The most radical new idea C++ brings to pointers is that of a pointer to member, which can be either a pointer to member data or member function. C++’s new pointer types provide both flexibility and localization – they provide the flexibility of run-time decision making, otherwise known as late binding, combined with the localization of class scoping. These pointers are different, in syntax and in some cases implementation, from Standard C pointers. The new pointer types provide the kind of run-time decision making C programmers often implement as an array of pointers to functions. Pointers to members have not yet received the attention they deserve as powerful new tools for implementing complex systems. This article explores the new pointer types, by demonstrating their usefulness and by revealing some aspects of their internal implementation.
It’s easiest to understand what a pointer to member is by seeing what it does. So in this section I present a common programming problem solved by pointers to members, and show what they are along the way. One application for C++’s new pointers is the reduction of Global Name Space Pollution (GNSP). GNSP often occurs as programs grow in size and complexity. More and more names “bubble up” to the global name space, until it becomes difficult to add or change a global symbol without generating an unexpected conflict somewhere in the system. Hiding a function or data pointer inside a class helps avoid this problem.

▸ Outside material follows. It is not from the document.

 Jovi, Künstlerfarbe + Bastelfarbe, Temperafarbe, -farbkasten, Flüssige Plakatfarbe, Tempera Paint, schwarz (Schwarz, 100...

For example, first consider a simple model, in which an incoming data stream is parsed into separate packets of information. Each packet requires a complex action (call it a “handle”) to properly deal with the packet’s information. Incoming image data from a distant Voyager might fit this situation, as might seismographic bundles, complex stock transactions, etc. In this model a class packet defines several member functions to handle the incoming data, with each function designed to handle a different kind of information packet:
class packet
{
public:
// public interface will go here
private:
void handletype1(void)
{ /* handle type 1 packet */ }
void handletype2(void)
{ /* handle type 2 packet */ }
void handletype3(void)
{ /* handle type 3 packet */ }
};The following statement creates a pointer to member function of class packet:
void (packet::*handle)(void);handle is the pointer; the member function receives no arguments and returns nothing. This syntax already differs from Standard C, though only one new idea has been introduced, the scope resolving packet:: construct just to the left of *handle. The new construct declares that handle is not just an ordinary pointer to function. Instead, handle must point at a member function of class packet. In other words, the possible values for handle are “localized” to the scope of packet.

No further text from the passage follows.